Tuesday, May 16, 2006


ALAN BAKER reviews

Under The Miracle Bridge Flows the Sand by John Bloomberg-Rissman
(Bamboo Books, Culver City. CA., 2006)

The Californian poet John Bloomberg-Rissman has a substantial body of work behind him: several collections, a Selected Poems and a large-scale, unpublished work, 'Travels to Capitals' which draws on the poetry of Michael Palmer and the artwork of Donald Evans. Most of this work is self-published in limited editions and on his website (www.johnbr.com). Bloomberg-Rissman's early work has the American virtues of plain speech and direct statement, with conventional first-person narration. A quiet, humane and humorous voice. More recently however, he has adopted techniques such as random word-generation, and has blended his more conventional voice with alternative forms of discourse. Incorporations from other writers, snatches of news reports, overheard conversations and other 'found' language all appear in a single poem. The result is a fascinating and at times powerful mix. The pamphlet under review is representative of his current output.

The opening poem is in memory of a close relative of the poet; a moving and dignified piece using few words, but hinting at larger vistas and associations (it reminds me of Bunyan and is in fact abstracted from American poet Ronald Johnson’s RADIO OS -- itself an abstraction of Milton):

all is

the O


wonder passing through fire


from noon to

trumpet’s sound

The word “and”, repeated again at the poem’s close, leaves the poem open, expressing the life lamented as part of a larger process.

One of the things that appeals to me about this poetry is its philosophy of life, that it’s optimistic, yet realistic, aware of a spiritual dimension, but never pompous or dogmatic; and there's an anarchic side to these poems that manages to deflate authorial pretensions:

In the film jet fuel froze but
the hero could still light
a match. Is that science?
It's hard to say something
intelligent about a dishtowel, so
I hung one up instead.
Every moment a zen master
Slap. Thanks for the link
to the self-defense nightstand.

but there's also an undertone of grief and sorrow, and some bitterness:

Out the window
Xmas lights,
Ho ho ho,
Torture prisons,
Unseasonable heat…

...When you call
I say ‘yes!’

And count the angels
dancing on a pin.

And the ghosts.

…Old fools
both of us
to feel things.

Maybe it's an American thing, but Bloomberg-Rissman seems to be able to write first-person, anecdotal verse and make it significant and untrivial. Most contemporary British poetry in that vein fails to do that; I'm not sure why, but it may be to do with the American idiom being open and democratic, while the British vernacular always seems conscious of an inferiority which may have to do with social class (although there are notable exceptions: Lee Harwood for instance). In Bloomberg-Rissman quotidian details can have an almost stately quality:

Some days last centuries.

The tire is changed.

The bird has gone

That's part 1

Part 2:

I shook all night
Till the 3rd ativan.

And there's some skillful interweaving of idioms. In the poem 'For K' we have the plain-spoken lines:

You say, I
Wouldn't be young again
For anything. Age may ache,
Is also ease.

and in the same, very personal, poem, we have:

By the

Moon, a vapor X. If
It's a riddle the
answer's obviously. Controlled burn.

cinema verité.

which then moves seamlessly back into plain statement. This is skillful stuff, and a long way from the straightforward manner of his early work; an altogether richer mix.
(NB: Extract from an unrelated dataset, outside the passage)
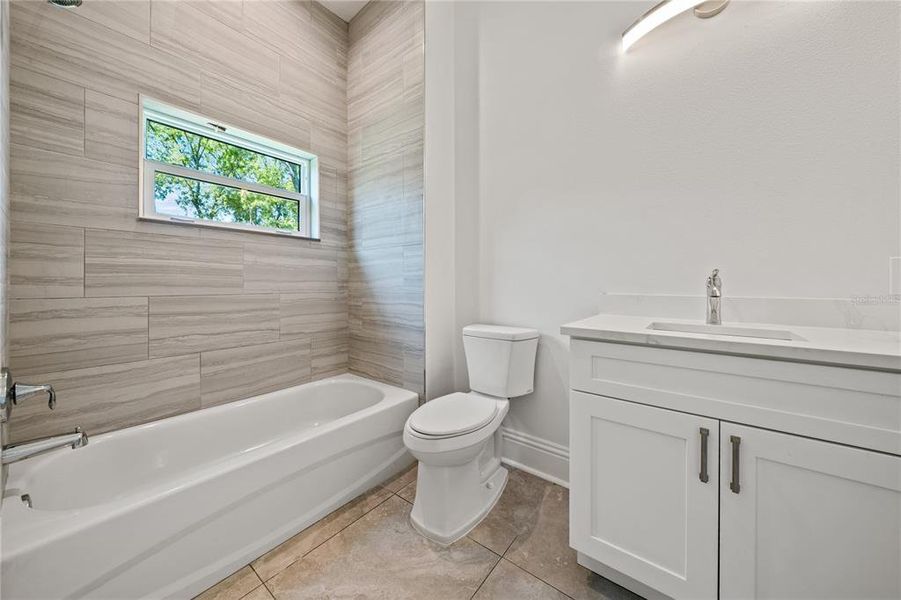 Furnished interior view inside a new home in , Tarpon Springs (Image 7). Furnished interior view inside a new home in , Tarpon Springs (Image 7).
This collection includes two translations, one by the Columbian poet Héctor Rojas Herazo, and three sonnets by the Belgian Miriam Van hee, both of which work well and fit in with the general tone.

To my mind, the finest poem in this pamphlet is 'After 3, 5 Weeks', a homage to the guitarist Derek Bailey. What does it for me is the musicality and the fluidity of movement, the feeling of improvisation that's just right for its subject:

If blue sky. If twenty
Tiny clouds, quietly, quietly. If
O, if o, if only.
Between fear and fear and
The other thing. 4:48 in

The morning. Stars swirl. Above
Dark trees. I can't
Use every word. May all
Beings find peace. Falling into.
Falling out of. This or

Any other inimitable.


Alan Baker lives in Nottingham, England. He publishes the Leafe Press pamphlet series, is editor of the webzine Litter and is assistant editor of Poetry Nottingham. His most recent (and third) pamphlet of poetry is 'The Strange City' (Secretariat Books, UK).